Brent crude was up 12 cents, or 0.2 per cent, at $64.32 a barrel by 1330 GMT. US West Texas Intermediate (WTI) crude gained 14 cents, or 0.2 per cent, to $60.05.
“Traders weighed the impact of a growing global surplus against US sanctions that are disrupting Russian crude flows,” said MUFG analyst Soojin Kim.
Both benchmarks were trading about 1 per cent down earlier in the session.
The US Treasury said sanctions imposed in October on Rosneft and Lukoil are already squeezing Moscow’s oil revenue and are expected to curb Russian export volumes over time.
A senior White House official said that US President Donald Trump is willing to sign Russia sanctions legislation as long as he retains final authority over its implementation.

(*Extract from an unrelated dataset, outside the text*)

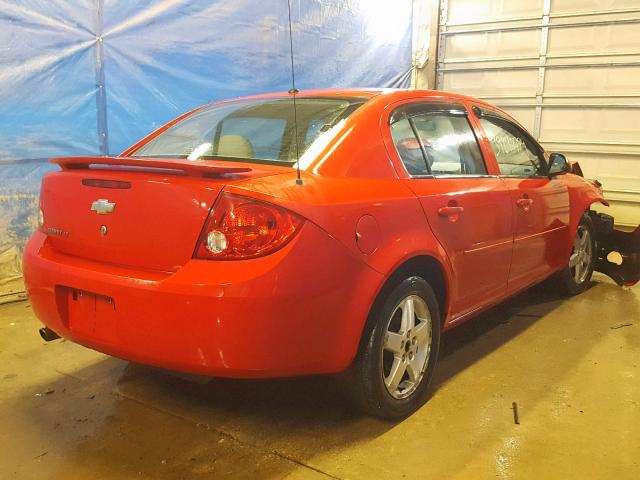 1G1AL55F077333623 - 2007 CHEVROLET COBALT LT RED photo 4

Trump said on Sunday that Republicans are drafting a bill to impose sanctions on any country doing business with Russia, adding that Iran could also be included.
Meanwhile, Russia’s Novorossiysk port resumed oil loadings on Sunday after a two-day suspension triggered by a Ukrainian missile and drone attack, according to two industry sources and data compiled by LSEG.
Exports from Novorossiysk and a nearby Caspian Pipeline Consortium terminal, together representing about 2.2 million barrels per day, or roughly 2 per cent of global supply, were halted on Friday, pushing crude prices up more than 2 per cent that day.
Oil prices are expected to decline through 2026, Goldman Sachs said on Monday, citing a supply wave that keeps the market in surplus. However, it noted that Brent could rise above $70 a barrel in 2026/2027 if Russian output falls more sharply.